Investors will get a pulse on the health of the U.S. consumer Friday when the Census Bureau releases the retail sales data for November.
November’s data is crucial because it captures a substantial part of the holiday shopping season. Though retail sales are expected to have been solid during the month, some economists explained that there could be some pressure resulting from the later-than-normal Thanksgiving holiday. “We expect a modest 0.1% m-o-m increase in core (‘control’) retail sales in November,” Nomura wrote in a note Friday. “While consumer fundamentals remain solid, we expect transitory downward pressure due to a later-than-usual start to the holiday shopping season.
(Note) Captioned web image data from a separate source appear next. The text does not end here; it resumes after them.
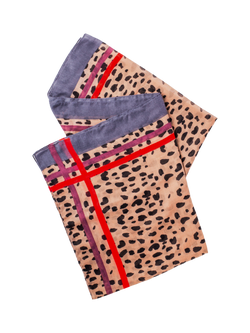 Bloom & Bay Eden Animal Print Scarf, Multi - view 2, Multi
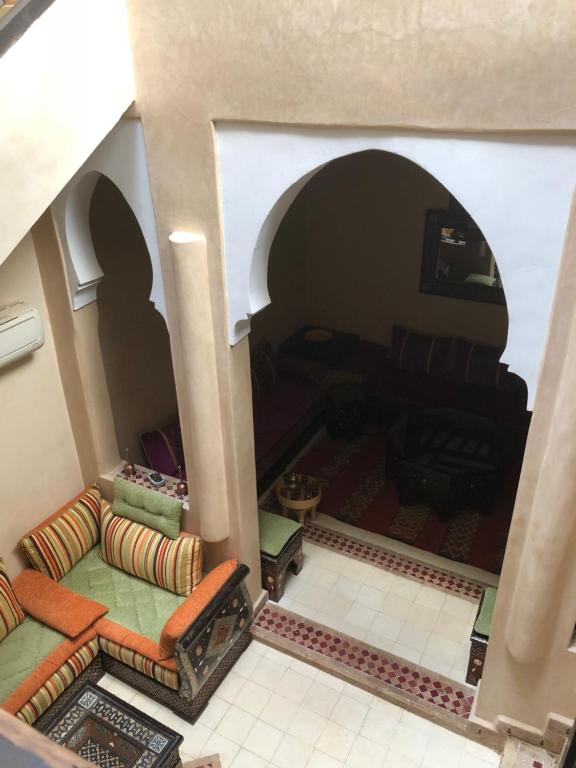Posezení v ubytování Riad Côté palmeraie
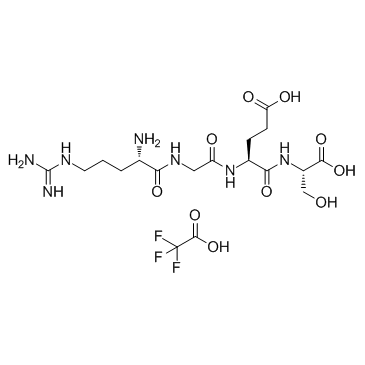 Arg-Gly-Glu-Ser(TFA)  Chemical Structure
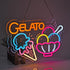 Dimmable,15.7511.8inches Gelato Neon Sign, Neon Lights Hanging Wall Art Decoration for Restaturant Shop Food Truck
A later Thanksgiving holiday this year resulted in Black Friday taking place six days later than in 2018.”
Nevertheless, the firm explained that any softness in November’s retail sales data means a sharp rebound in December.
Meanwhile, Societe Generale noted, “Demand from households has slowed modestly toward the end of 2019. Recent retail sales are up modestly but after adjusting for inflation, real retail sales are much flatter. Increasingly, the U.S. economy is reliant on the consumer. We should be concerned by the flattening of sales. Confidence and job trends remain favorable but neither offer much upside for consumer spending. Confidence and job gains may be peaking and at best suggest no downside. That could change if businesses begin scaling back on hiring plans.”
Economists polled by Bloomberg expect core retail sales rose 0.4% in November, up from 0.1% in October.